Further, in embodiments with multiple actuators, the actuators can be in a stacked arrangement such that they share a common pivot point. In such embodiments, each slider can include transducers that are all positioned near the outer edge of the sliders away from the central longitudinal axis of the sliders. Increasing the radial dimension of the recording area near the outer diameter of the magnetic recording media adds more recording area to the media than the amount of recording area “lost” near the inner diameter. In addition, the outer diameter of the magnetic recording media rotates faster compared to the inner diameter, which can result in faster data access speeds for data accessed at the outer portions of the media.

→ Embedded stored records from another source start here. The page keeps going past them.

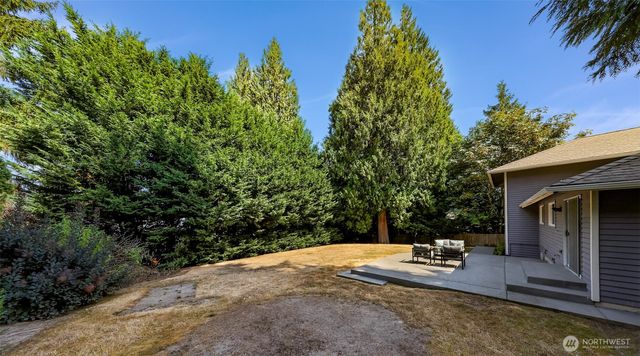 14102 NE 86th Court, Redmond, WA 98052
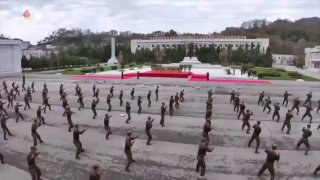 קים ג׳ונג און הגיע לצפות במצעד של יחידת שלחמה באוקראינה....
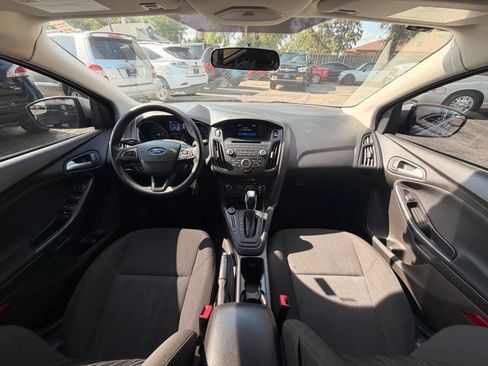 Used 2015 Ford Focus SE FWD image 27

In certain embodiments, each slider includes two sets of transducers: one set of read and write transducers positioned near an inner edge of the slider and a second set of read and write transducers positioned near an outer edge of the slider. As such, the total recording area of the magnetic recording media can be increased in a hard disk drive with a single actuator or a hard disk drive with dual actuators that share a common pivot access, as compared to sliders with transducers positioned only centrally on the sliders.
Various modifications and additions can be made to the embodiments disclosed without departing from the scope of this disclosure. For example, while the embodiments described above refer to particular features, the scope of this disclosure also includes embodiments having different combinations of features and embodiments that do not include all of the described features. Accordingly, the scope of the present disclosure is intended to include all such alternatives, modifications, and variations as falling within the scope of the claims, together with all equivalents thereof.